(Available data Opens)

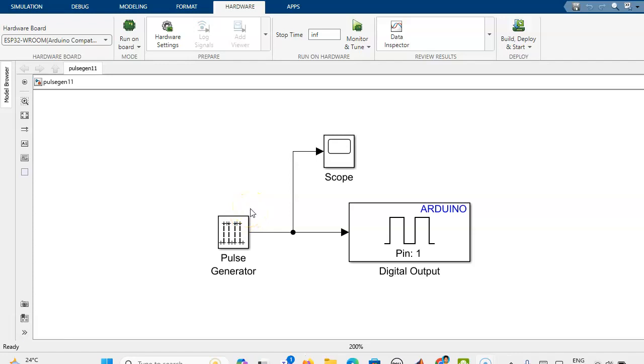Hi, this is Terenjini. In this video, we will see the blinking of LED in the ESP32.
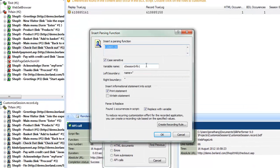The Parsing Wizard dialog box contains the following components: the ID which caused the problem; the variable that we will use to replace the hard-coded ID in the script — you can obviously edit this; the left and right boundaries of the parse operation; whether we want to print or write out the ID during replay; and how many occurrences of the ID were found to be hard-coded in the script and also whether we want to replace them with the variable.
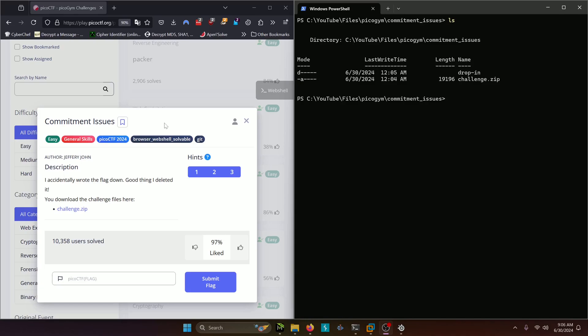Hello world! Welcome back to another PicoGym workout exercise video. In this video we'll be walking through the general skills challenge commitment issues. Let's get into it.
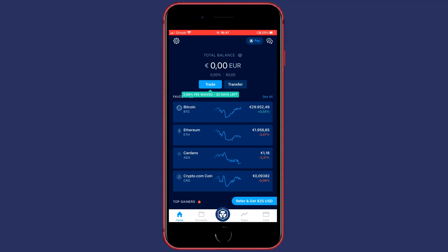Hello everyone and welcome to this crypto.com tutorial. In this video I'm going to explain to you how to change your currency on crypto.com.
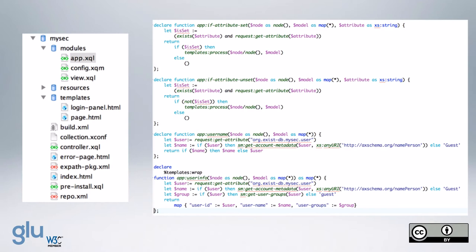And then app user info, we get the username and the group, and the user ID, and return that in a map.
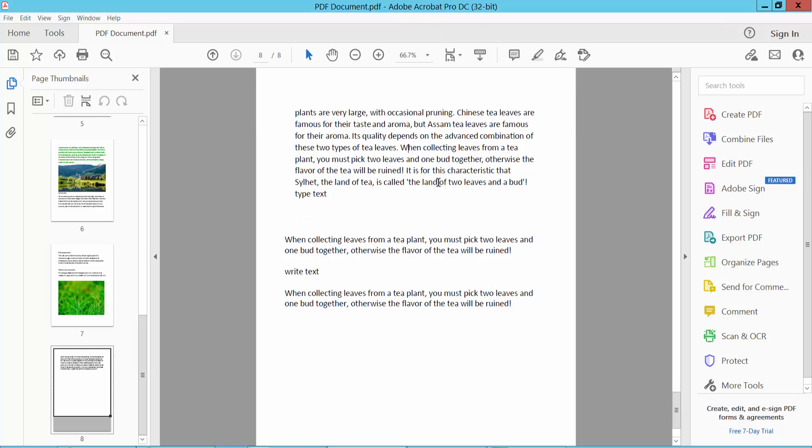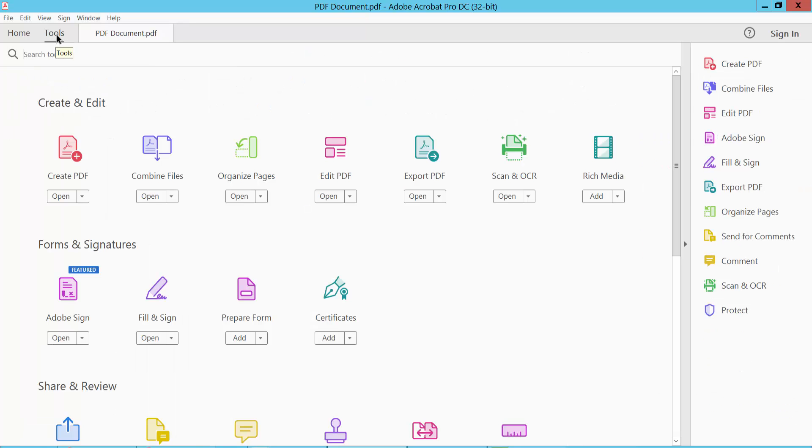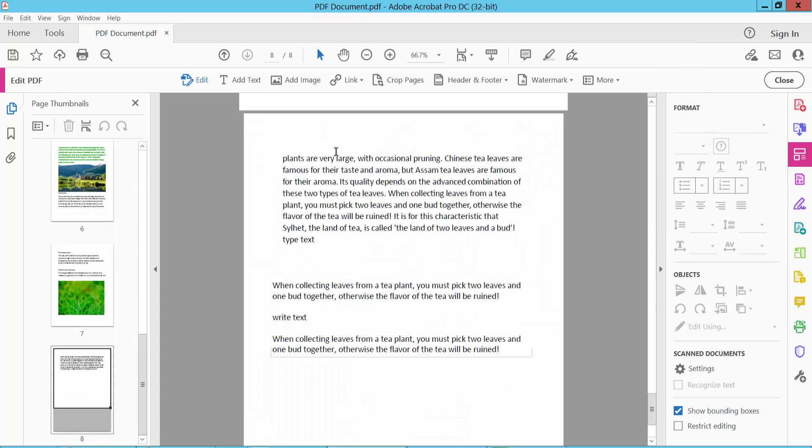Open your PDF file and select the Tools option. There you will find the Edit PDF option, select here.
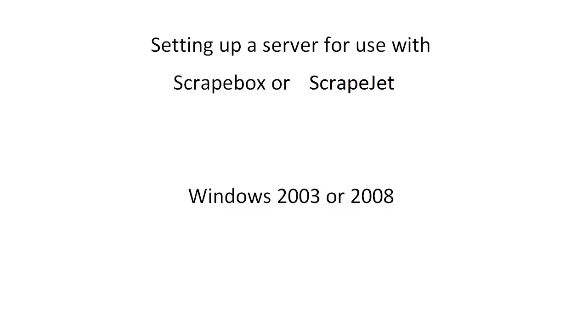Hey, Matt here. I wanted to talk about setting up a server if you wanted to use it with Scrapebox. Scrapebox runs on Windows and can run from your home computer, home internet connection, that sort of thing.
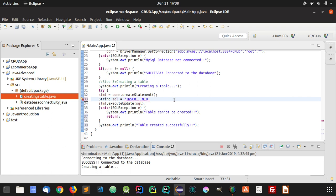INSERT INTO followed by the name of our table, which is students. Now you will have to specify the columns of this student table, which is ID, name, and marks.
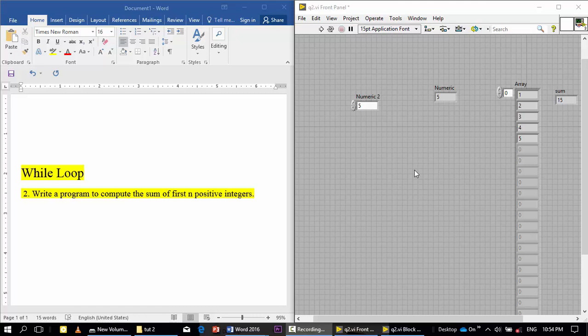If you want to write a program to compute the sum of first n positive integers, you can write a program to generate numbers and add them.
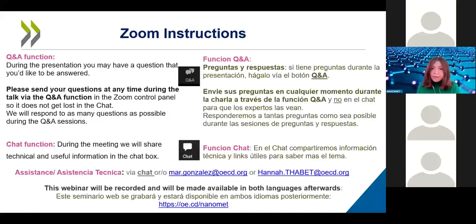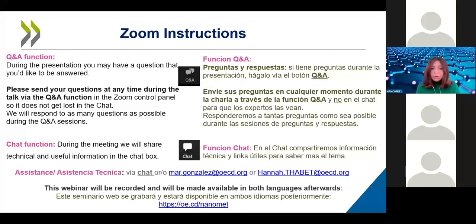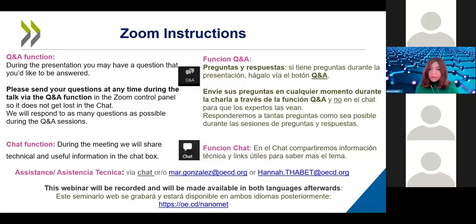A couple of recommendations for this webinar: if you have questions throughout, please use the Q&A function at the bottom ribbon of your screen. Do not use the chat — the chat will be used exclusively to send you links associated with the slides you're seeing, though you can also use it if you're having technical difficulties.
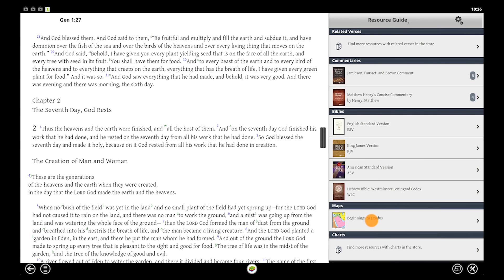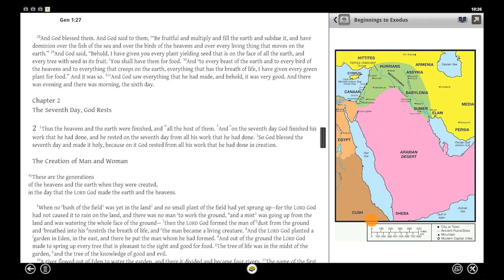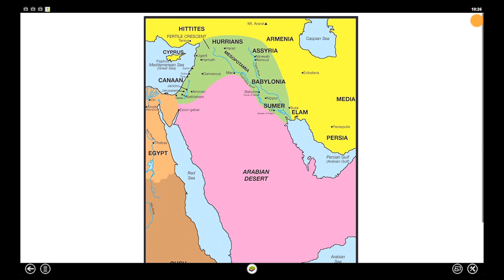To view maps related to your current passage, we'll go full screen and then tap back to return to the resource guide.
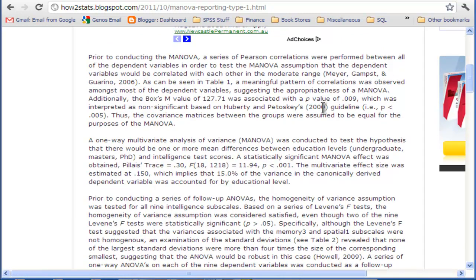After discussing the correlations, I go through Box's M value, which tests the hypothesis that the covariances amongst the dependent variables are the same across all groups. I've got a reference from Huberty and Patowski saying that Box's M should not be evaluated at an alpha of .05, but instead at .001. So it's tougher to reject the null hypothesis — and in this case, we don't actually want to reject it. We want the assumption of homogeneity of covariance matrices to be true.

(Available data Closes)

● **What to do**
Give the lines again word for word, from the start of the records to the line holding "If you want to", both included, and leave out any picture.

● **Answer for the task**
Hi, this is Terenjini. In this video, we will see the blinking of LED in the ESP32.
The Parsing Wizard dialog box contains the following components: the ID which caused the problem; the variable that we will use to replace the hard-coded ID in the script — you can obviously edit this; the left and right boundaries of the parse operation; whether we want to print or write out the ID during replay; and how many occurrences of the ID were found to be hard-coded in the script and also whether we want to replace them with the variable.
Hello world! Welcome back to another PicoGym workout exercise video. In this video we'll be walking through the general skills challenge commitment issues. Let's get into it.
Hello everyone and welcome to this crypto.com tutorial. In this video I'm going to explain to you how to change your currency on crypto.com.
And then app user info, we get the username and the group, and the user ID, and return that in a map.
Open your PDF file and select the Tools option. There you will find the Edit PDF option, select here.
Hey, Matt here. I wanted to talk about setting up a server if you wanted to use it with Scrapebox. Scrapebox runs on Windows and can run from your home computer, home internet connection, that sort of thing.
INSERT INTO followed by the name of our table, which is students. Now you will have to specify the columns of this student table, which is ID, name, and marks.
If you want to write a program to compute the sum of first n positive integers, you can write a program to generate numbers and add them.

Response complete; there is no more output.